My pattern has been to tell a prospective partner that I want an open relationship, to detail what I mean by an open relationship and then act in a manner consistent with my stated intentions.
How can I use these incidents to be a better partner?
I've been leaving it up to Nyx or whomever my partner is to tell me when they are so uncomfortable about a situation or to let me know when they "can't take it anymore" and want out of the relationship. Maybe I shoud start to take the initiative and say "I don't think we're compatible."
I want the freedom and trust of a partner to whom I can say something to the effect "I may flirt or otherwise interact with other women; I will let you know if any of these get to a point where I think there is a possiblity it could blossom into an actual romantic love interest." and have her trust me.
Or are you simply saying that it's impractical to enjoy a moment without thinking about all the implications, consequences and reprecussions for those actions?
No argument-I was typing fast!

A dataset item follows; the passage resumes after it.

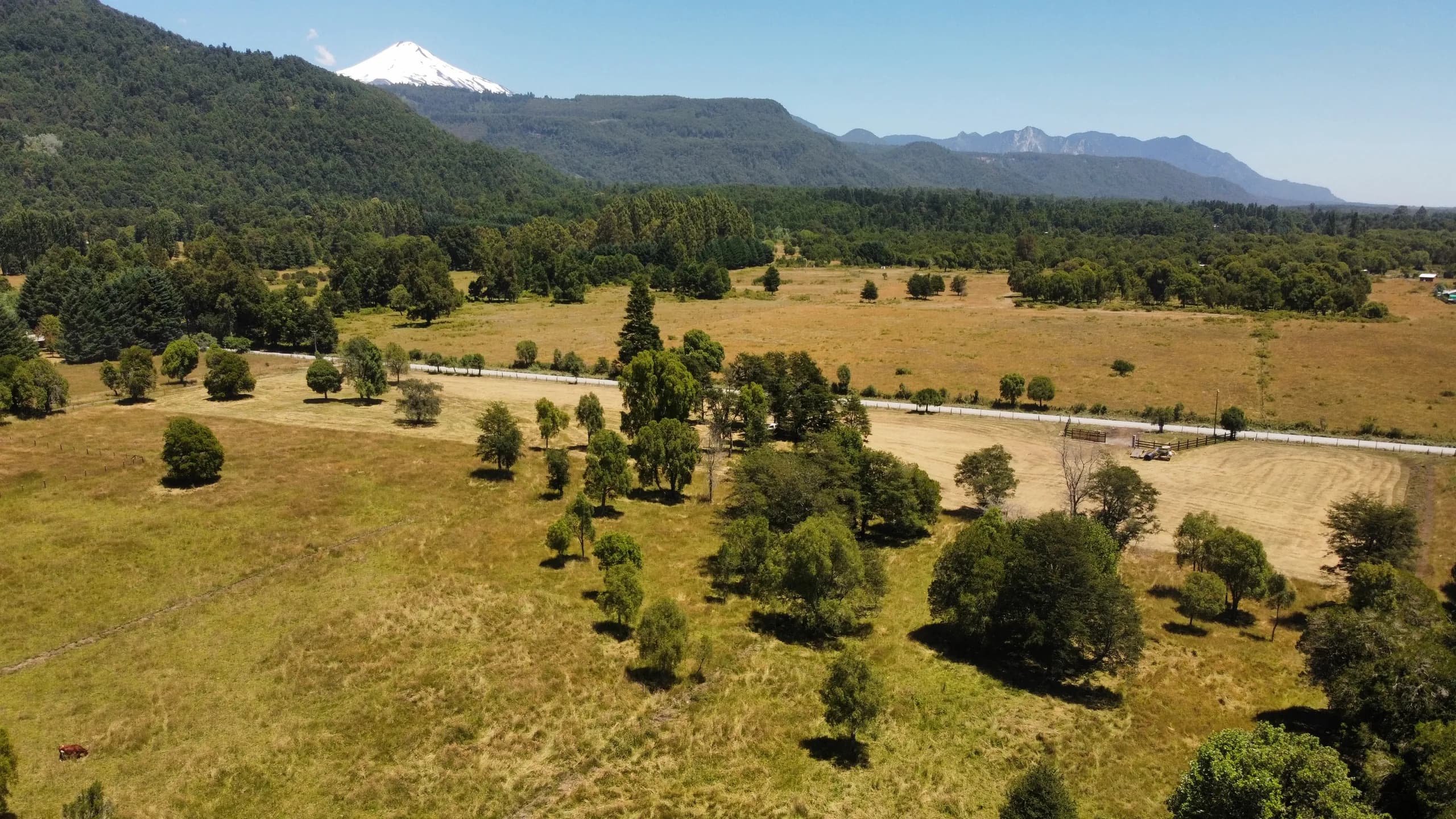 Vista de las parcelas Brisas de Pucón con el Volcán Villarrica de fondo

AND from memory. EEKS!
Ok. So I keep thinking-you two are on different pages.
You seem to be living by a completely different set of standards then she is.
Neither is "right".
Neither is "wrong".
But they are damn sure making it miserable for both of you.
IF you agree that it's an OPEN relationship (not necessarily true for all poly relationships) then no it's not unreasonable to expect that you are dating, meeting people etc.
IF you feel that kissing is NOT included in "sexual relations" per se but IS included in "dating, meeting people, getting numbers" that needs to FOR SURE be stated up front-but it's ok too.
In our case-that whole kissing thing-not cool. Maca considers kissing an exchange of emotion and caring-and that isn't something he's ok with being shared with ANYONE. I get that. So if I met a guy (or girl)-before it got to a kiss-yes I would feel the need to talk to Maca.
BUT if I have already said "I'm interested in this person and am considering pursuing something with them" in my eyes (I think I'll talk this one over with Maca tonight as I'm interested in his perspective) I HAVE talked with Maca.
So again-who knows what the deal is as far as what was right or wrong with the two of you.
Ultimately-you two need to COMMUNICATE-see my big long book of a post on the other thread. ;)
I think for now, we are friends and maybe using some advice of LR's we can improve our communication and see what happens?
Good to see you are still on the forums!
LR- you mentioned a "please understand me" thread or test or something on the other post but I did a search and don't know where to go.. may I have a link?